━━━ Entries provided
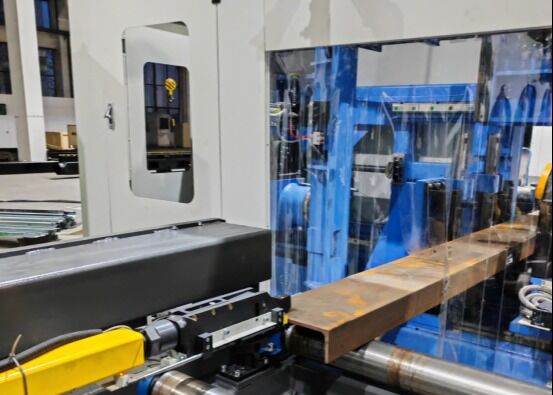 40mm সর্বোচ্চ ড্রিলিং ব্যাসার্ধ CNC উচ্চ গতির H Beam ড্রিলিং মেশিন জন্য চ্যানেল বিভাগ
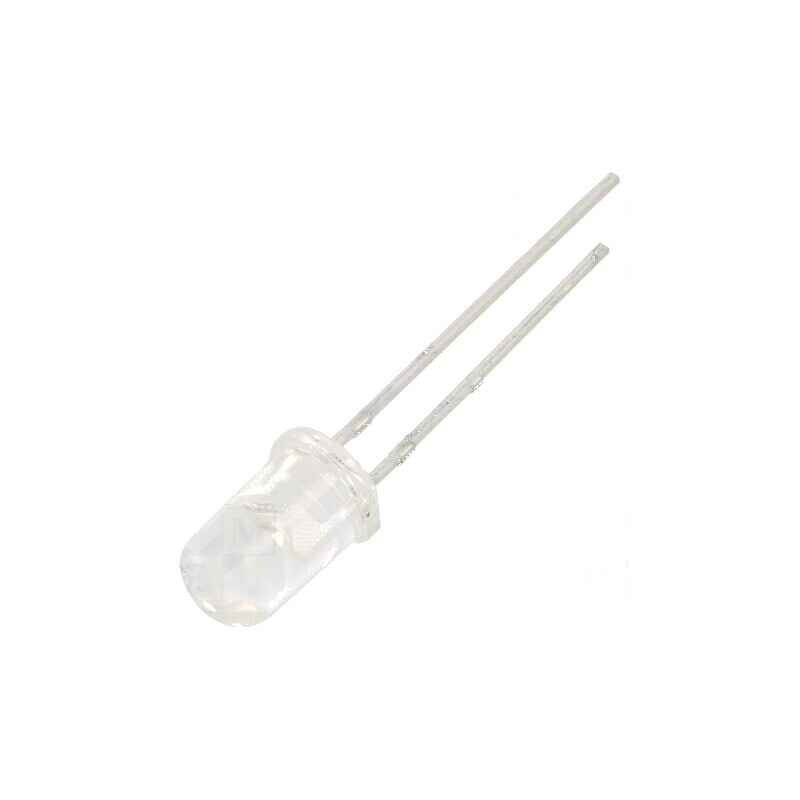 LED 5mm roșie 1600mcd 20° convex | Electronic-mag.ro | Componente Electronice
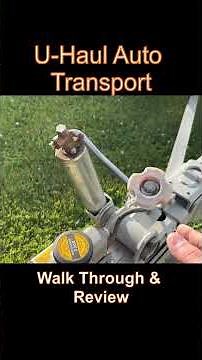U Haul Auto Transport Walk Around and Review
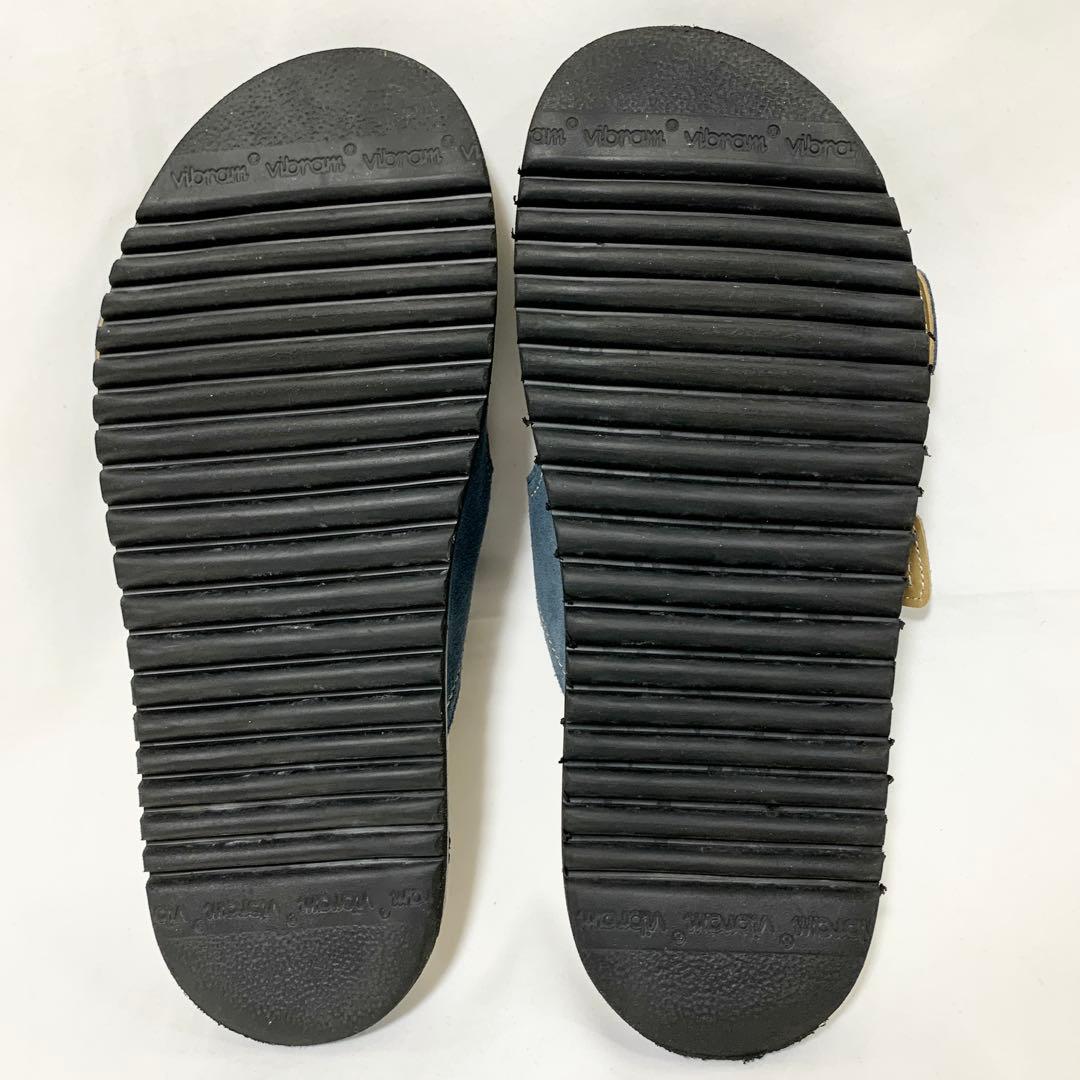 paul smith 【ポールスミス】レザーサンダル 7 ブルー イタリア製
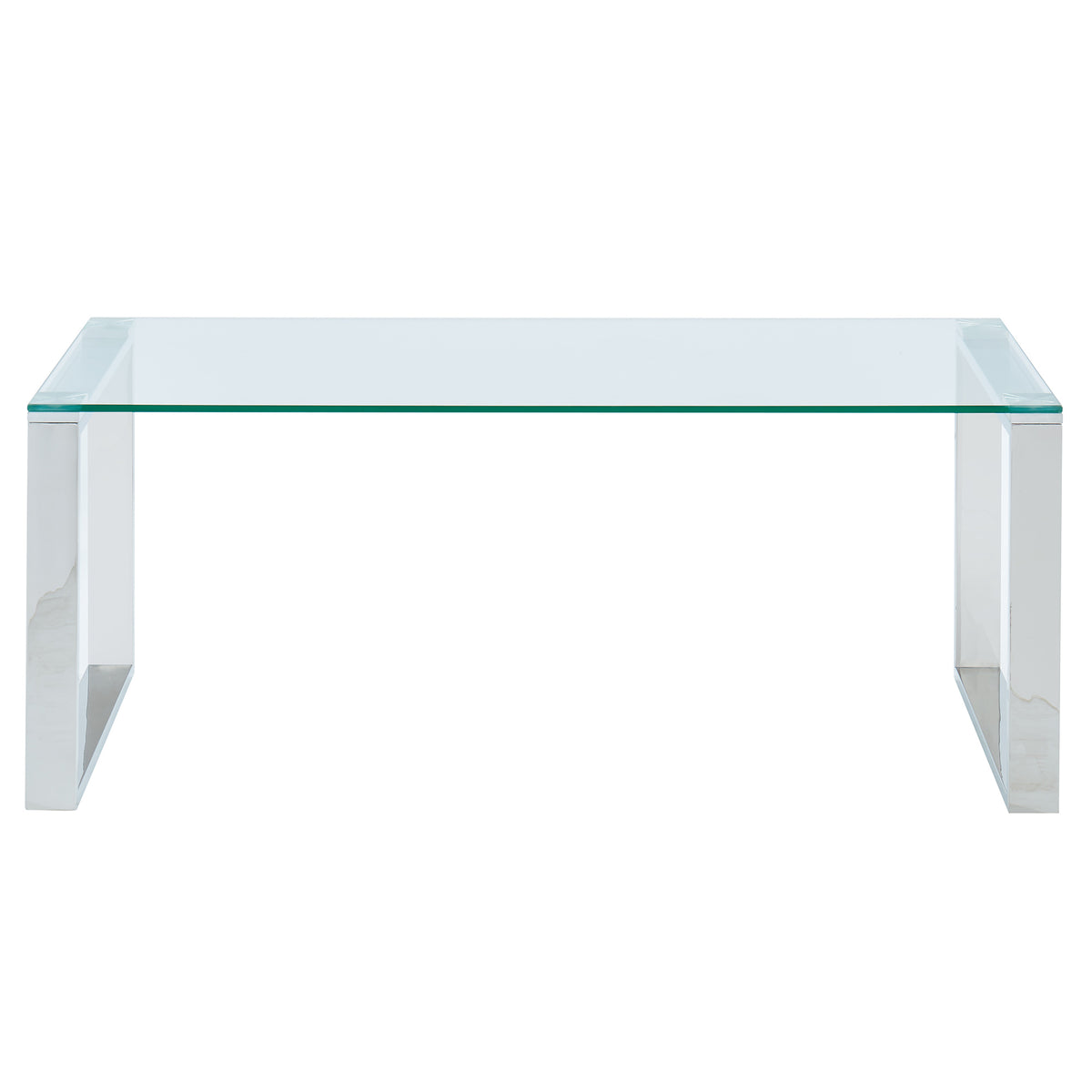 Zevon Coffee Table in Silver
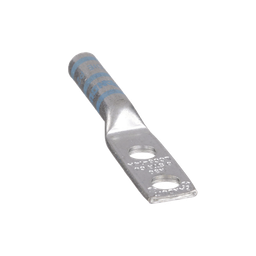 [LCC6-14A-L] Zapata de compresión LCC6-14A-L para cal. 6 Awg, Doble barreno para tornillo prisionero de 1/4, Espaciado de orificio 16mm, 1 Pz | LCC6-14A-L
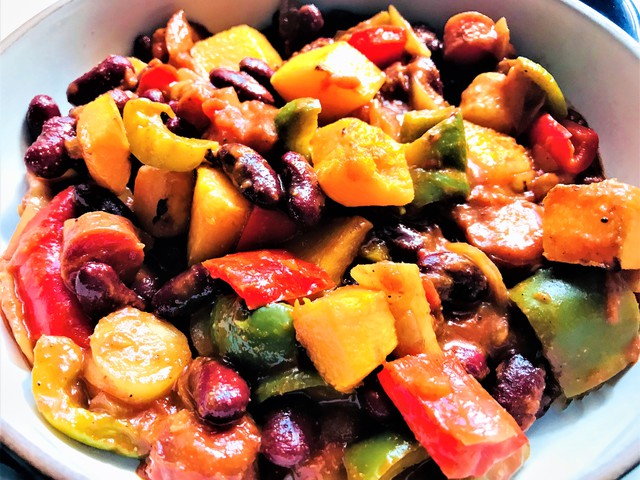Vegán chili (nem con carne)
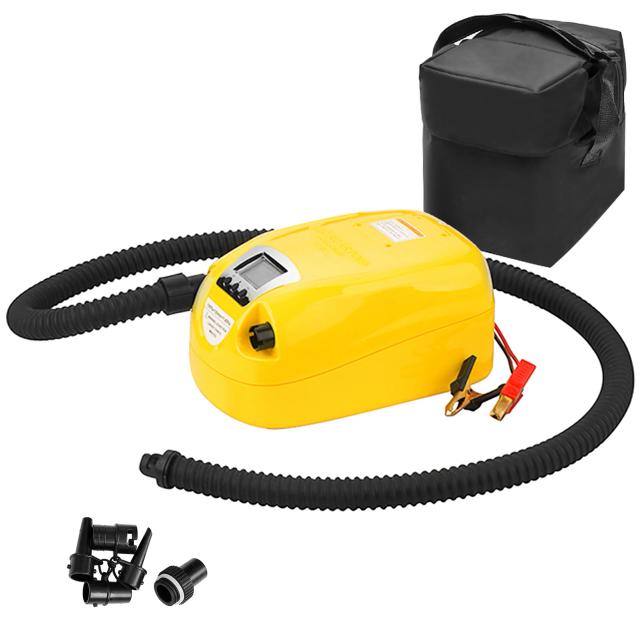 Inflador Elétrico Automático de Alta Pressão para Barcos Infláveis e Pranchas de Stand-Up Paddle até 20PSI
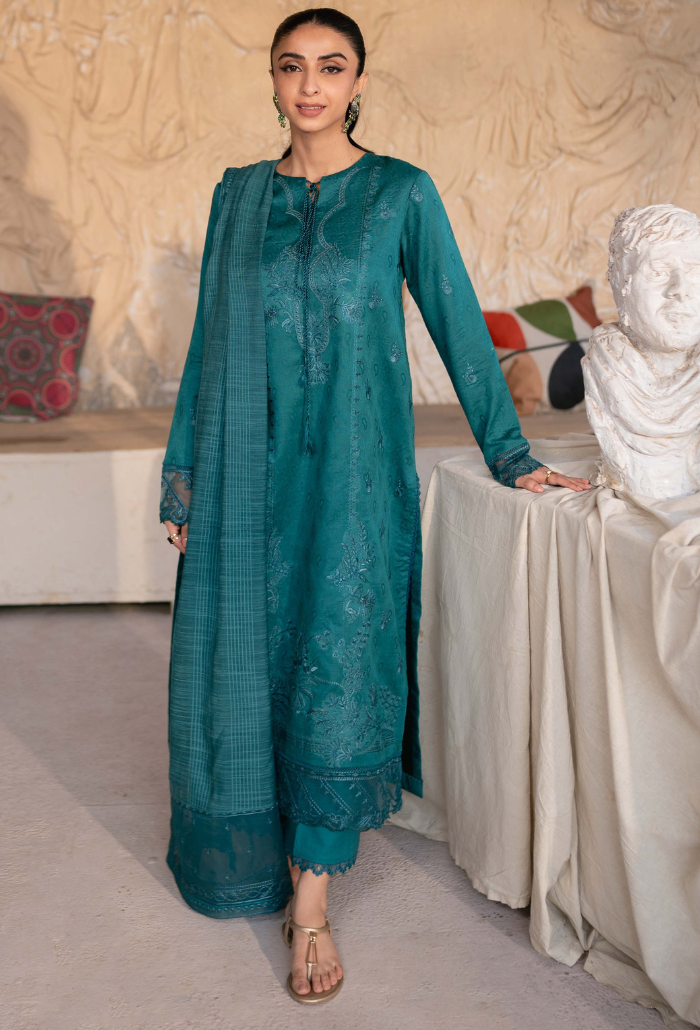 Humdum | Mirha Lawn 25 | Mirha - D05 - Official Humdum stockist in UK - Sakeena London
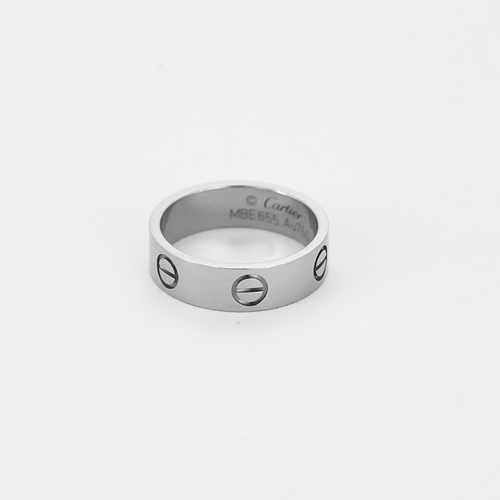 Bague 54 CARTIER - LOVE - Modèle Classique - Bague en or blanc 58 Facettes DV19574-2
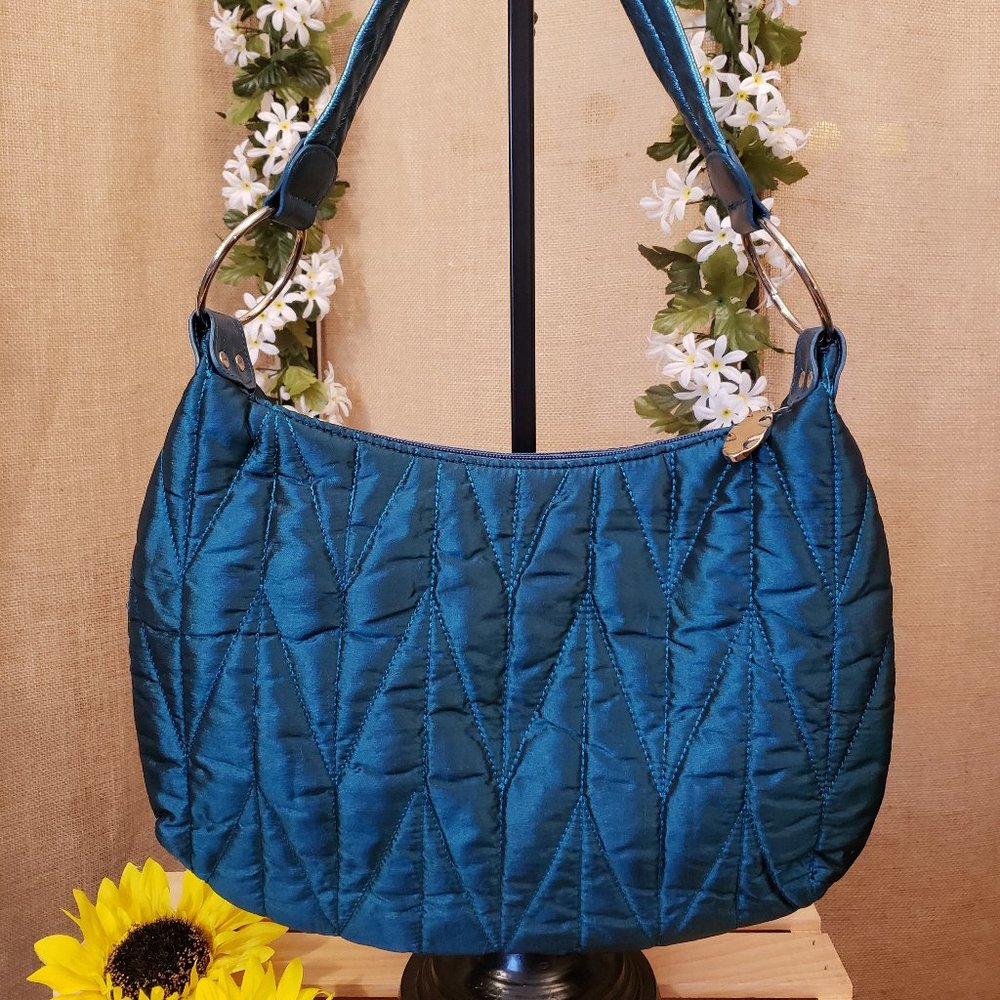 FE Blue Hobo Bag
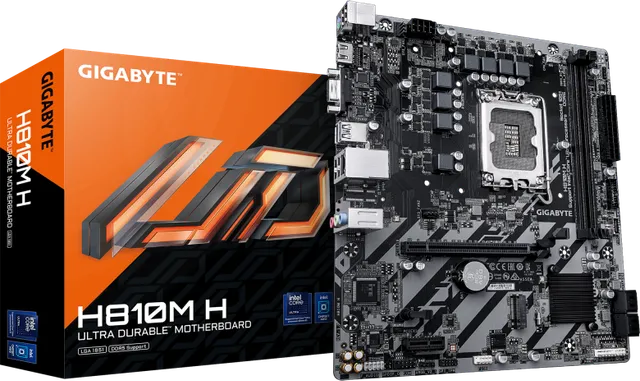 Placa de baza Gigabyte H810M H, LGA 1851, DDR5, Micro-ATX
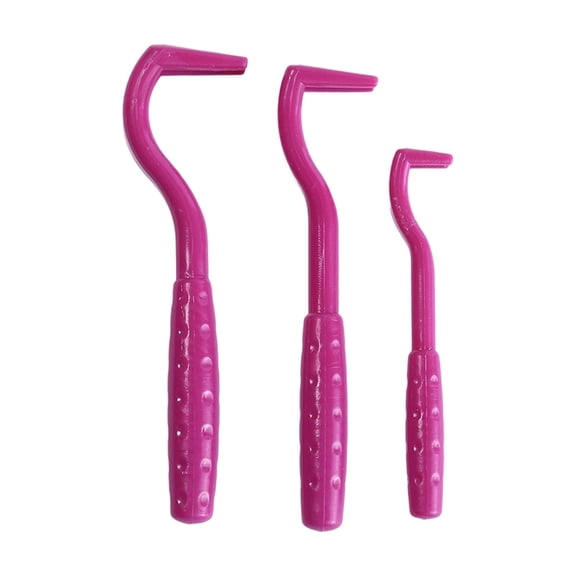 3 Pcs Tick Remover, Tick Removal Tool, 3 Sizes Safe Dog Tick Remover Flea and Tick Remover for Humans Home Small Large Pet Cat Dog, Removes Entire Head Body(1.9-2.5Inch,Purple)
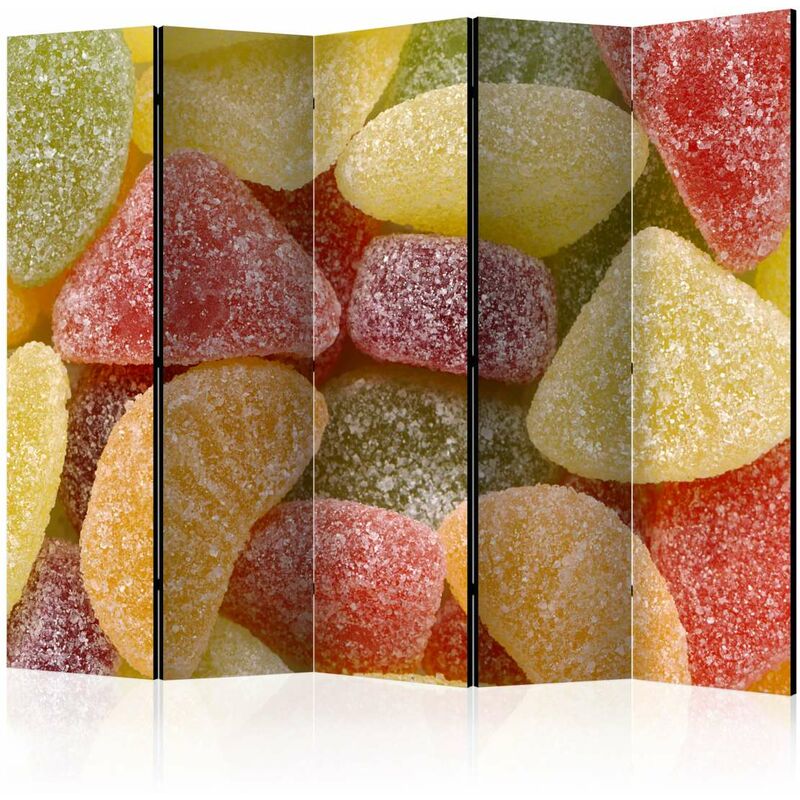 

Biombo - Tasty fruit jellies II [Room Dividers] Medidas 225X172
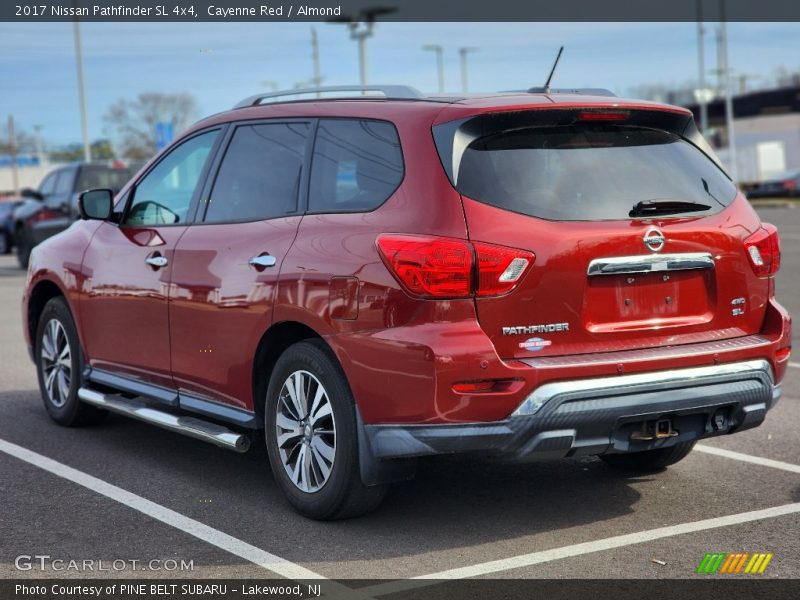 Cayenne Red / Almond 2017 Nissan Pathfinder SL 4x4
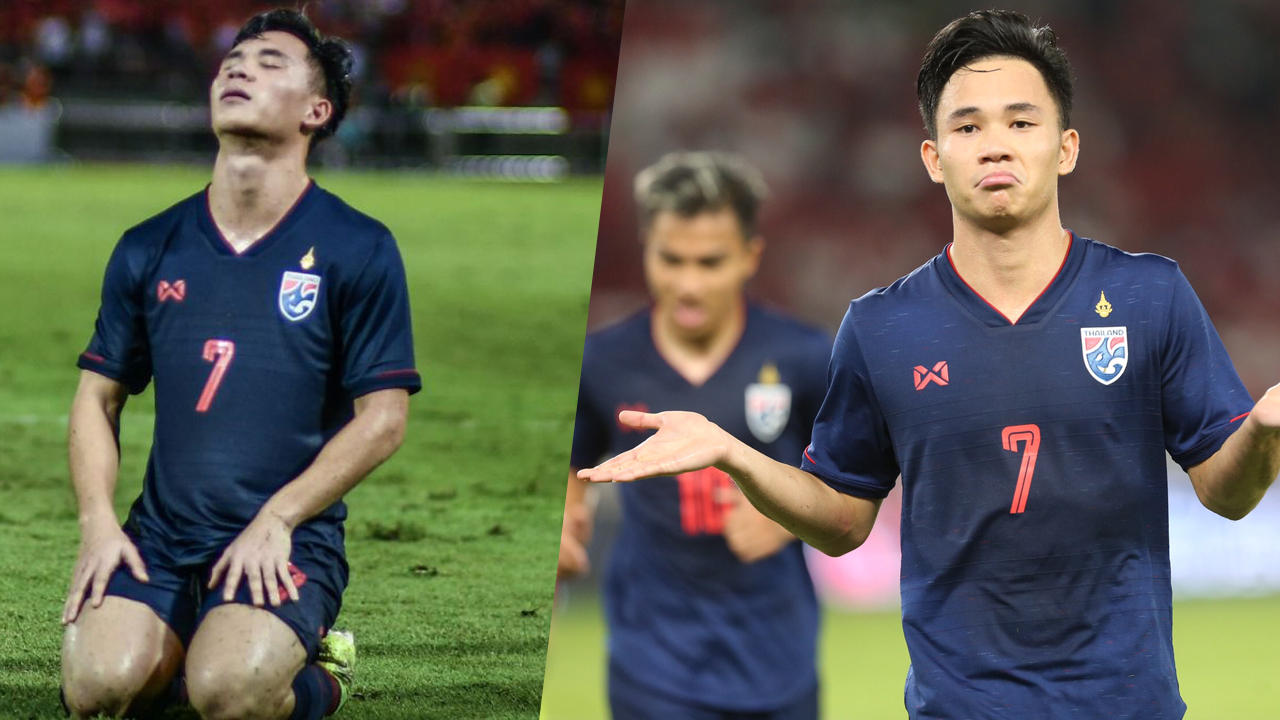 Supachok toả sáng rực rỡ với 2 bàn thắng và 1 pha kiến tạo. Ảnh: Siam Sport supachok, chanathip, thái lan vs indonesia, indonesia vs thái lan, vòng loại world cup 2022, vl wc 2022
━━━━━━
Directions for this task: The copy should hold exactly the lines from the line containing "Vegán chili (nem con carne)" through the last line of the records, both included, and no pictures or other lines.

Answer space:
Vegán chili (nem con carne)
 Inflador Elétrico Automático de Alta Pressão para Barcos Infláveis e Pranchas de Stand-Up Paddle até 20PSI
 Humdum | Mirha Lawn 25 | Mirha - D05 - Official Humdum stockist in UK - Sakeena London
 Bague 54 CARTIER - LOVE - Modèle Classique - Bague en or blanc 58 Facettes DV19574-2
 FE Blue Hobo Bag
 Placa de baza Gigabyte H810M H, LGA 1851, DDR5, Micro-ATX
 3 Pcs Tick Remover, Tick Removal Tool, 3 Sizes Safe Dog Tick Remover Flea and Tick Remover for Humans Home Small Large Pet Cat Dog, Removes Entire Head Body(1.9-2.5Inch,Purple)

Biombo - Tasty fruit jellies II [Room Dividers] Medidas 225X172
 Cayenne Red / Almond 2017 Nissan Pathfinder SL 4x4
 Supachok toả sáng rực rỡ với 2 bàn thắng và 1 pha kiến tạo. Ảnh: Siam Sport supachok, chanathip, thái lan vs indonesia, indonesia vs thái lan, vòng loại world cup 2022, vl wc 2022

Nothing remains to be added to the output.